We are on the eve of a lot of changes in the field of Home Smart accessories. Despite the fact that a lot still needs to be done, we take a dive into the deep end. We are going to make our first Matter accessories. Although it is still in development, this is the time that it will make large steps ahead. With the release of IOS 16, matter Development has been integrated into the Home app and the start signal has been given.
Matter
Matter, previously project CHIP, is the new foundation for connected things. Guided by the Connectivity Standards Alliance, and developed through collaboration amongst all the leaders of the IoT industry, Matter focuses on building connected devices that are secure, reliable, and importantly, seamless to use. These Matter accessories will create a simple smart home control for the whole family: anyone in the home can control multiple smart home devices wirelessly with the press of a button, instead of resorting to a smartphone app.
Prerequisites
Before we can start this experiment need to set up the environment Prerequisites.
Docker
Docker is an open platform for developing, shipping, and running applications. Docker enables you to separate your applications from your infrastructure so you can deliver software quickly. With Docker, you can manage your infrastructure in the same ways you manage your applications. By taking advantage of Docker’s methodologies for shipping, testing, and deploying code quickly, you can significantly reduce the delay between writing code and running it in production.

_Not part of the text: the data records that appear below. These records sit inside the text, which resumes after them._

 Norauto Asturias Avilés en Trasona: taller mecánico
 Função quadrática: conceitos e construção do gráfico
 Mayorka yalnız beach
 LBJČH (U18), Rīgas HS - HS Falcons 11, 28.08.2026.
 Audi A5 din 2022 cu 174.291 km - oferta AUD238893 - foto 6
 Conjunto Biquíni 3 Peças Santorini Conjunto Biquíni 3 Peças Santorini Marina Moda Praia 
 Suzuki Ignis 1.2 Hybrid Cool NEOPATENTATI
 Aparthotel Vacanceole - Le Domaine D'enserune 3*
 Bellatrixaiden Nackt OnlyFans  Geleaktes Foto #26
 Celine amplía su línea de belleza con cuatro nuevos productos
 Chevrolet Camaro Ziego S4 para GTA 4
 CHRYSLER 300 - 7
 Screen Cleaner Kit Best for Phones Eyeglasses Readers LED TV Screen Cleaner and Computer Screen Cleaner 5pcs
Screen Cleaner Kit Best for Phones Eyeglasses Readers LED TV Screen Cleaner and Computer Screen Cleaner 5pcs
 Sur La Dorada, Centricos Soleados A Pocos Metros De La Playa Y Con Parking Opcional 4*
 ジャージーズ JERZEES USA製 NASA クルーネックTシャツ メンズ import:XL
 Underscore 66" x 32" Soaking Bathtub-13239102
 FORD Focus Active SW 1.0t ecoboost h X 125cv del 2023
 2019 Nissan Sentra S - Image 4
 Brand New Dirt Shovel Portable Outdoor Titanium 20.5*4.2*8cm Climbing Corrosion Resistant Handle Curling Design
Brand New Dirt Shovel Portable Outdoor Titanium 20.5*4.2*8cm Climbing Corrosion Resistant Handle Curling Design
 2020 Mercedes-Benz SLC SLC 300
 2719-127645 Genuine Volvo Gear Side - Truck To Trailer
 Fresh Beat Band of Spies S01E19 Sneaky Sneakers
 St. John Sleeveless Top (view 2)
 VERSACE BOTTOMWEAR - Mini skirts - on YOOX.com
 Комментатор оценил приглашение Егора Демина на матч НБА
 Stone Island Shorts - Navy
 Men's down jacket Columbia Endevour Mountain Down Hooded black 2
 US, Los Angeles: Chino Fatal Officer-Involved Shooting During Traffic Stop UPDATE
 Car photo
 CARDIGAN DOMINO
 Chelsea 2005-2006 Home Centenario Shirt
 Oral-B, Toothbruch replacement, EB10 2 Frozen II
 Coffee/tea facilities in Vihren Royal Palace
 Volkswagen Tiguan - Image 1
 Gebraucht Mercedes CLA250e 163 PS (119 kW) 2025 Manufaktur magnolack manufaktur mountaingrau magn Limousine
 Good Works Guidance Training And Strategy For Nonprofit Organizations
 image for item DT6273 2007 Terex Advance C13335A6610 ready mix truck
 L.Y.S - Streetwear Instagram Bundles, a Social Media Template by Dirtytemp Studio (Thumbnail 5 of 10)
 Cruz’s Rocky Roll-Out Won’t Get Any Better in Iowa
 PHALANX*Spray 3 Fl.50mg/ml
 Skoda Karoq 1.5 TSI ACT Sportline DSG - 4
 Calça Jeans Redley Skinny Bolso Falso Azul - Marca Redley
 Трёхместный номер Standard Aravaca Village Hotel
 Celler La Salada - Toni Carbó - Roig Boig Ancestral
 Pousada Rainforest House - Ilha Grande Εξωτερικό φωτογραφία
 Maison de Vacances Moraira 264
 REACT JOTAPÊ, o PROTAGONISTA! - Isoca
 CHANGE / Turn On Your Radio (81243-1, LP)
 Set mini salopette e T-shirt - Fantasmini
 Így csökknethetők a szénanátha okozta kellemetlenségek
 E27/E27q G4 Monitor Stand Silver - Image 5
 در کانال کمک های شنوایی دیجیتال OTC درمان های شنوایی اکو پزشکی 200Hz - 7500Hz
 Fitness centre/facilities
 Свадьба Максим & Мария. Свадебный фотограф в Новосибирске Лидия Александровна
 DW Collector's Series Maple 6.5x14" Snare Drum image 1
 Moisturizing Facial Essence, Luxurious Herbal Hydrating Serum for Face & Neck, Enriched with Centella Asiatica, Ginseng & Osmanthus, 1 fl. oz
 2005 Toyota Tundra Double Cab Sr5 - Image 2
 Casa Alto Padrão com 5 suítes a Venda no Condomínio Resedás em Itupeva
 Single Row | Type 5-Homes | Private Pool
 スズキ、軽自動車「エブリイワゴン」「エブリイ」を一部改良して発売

Download and install Docker
This tutorial assumes you have a current version of Docker installed on your machine. If you do not have Docker installed, choose your preferred operating system below to download Docker:
Mac with Intel chip Mac with Apple chip Windows Linux
For Docker Desktop installation instructions, see:
Setting up the Matter development environment
Set up your development environment for building, running, and testing matter accessories. First we have to make a local directory called matter.
Opening Terminal through the Finder
1. On the left toolbar, click “Applications“.
2. Scroll down and open the “Utilities” folder.
3. Double click “Terminal” to launch it.
mkdir matter
Change into the newly created directory
cd matter
Now we clone the connectedhomeip repository.
git clone https://github.com/project-chip/connectedhomeip.git
Once the cloning is ready, we change into the docker folder
cd connectedhomeip/integrations/docker/images/chip-build-esp32
Here we can execute the installation script.
./build.sh
The installation can take a wile……
Prepare for building
The ‘root’ I work from is a folder called matter on my macOS, which gets mapped to /project in the container. In the previous file, I described how I did git clone to that matter Development folder. Let’s change into the docker and map the matter Development folder.
Opening Terminal through the Finder
1. On the left toolbar, click “Applications“.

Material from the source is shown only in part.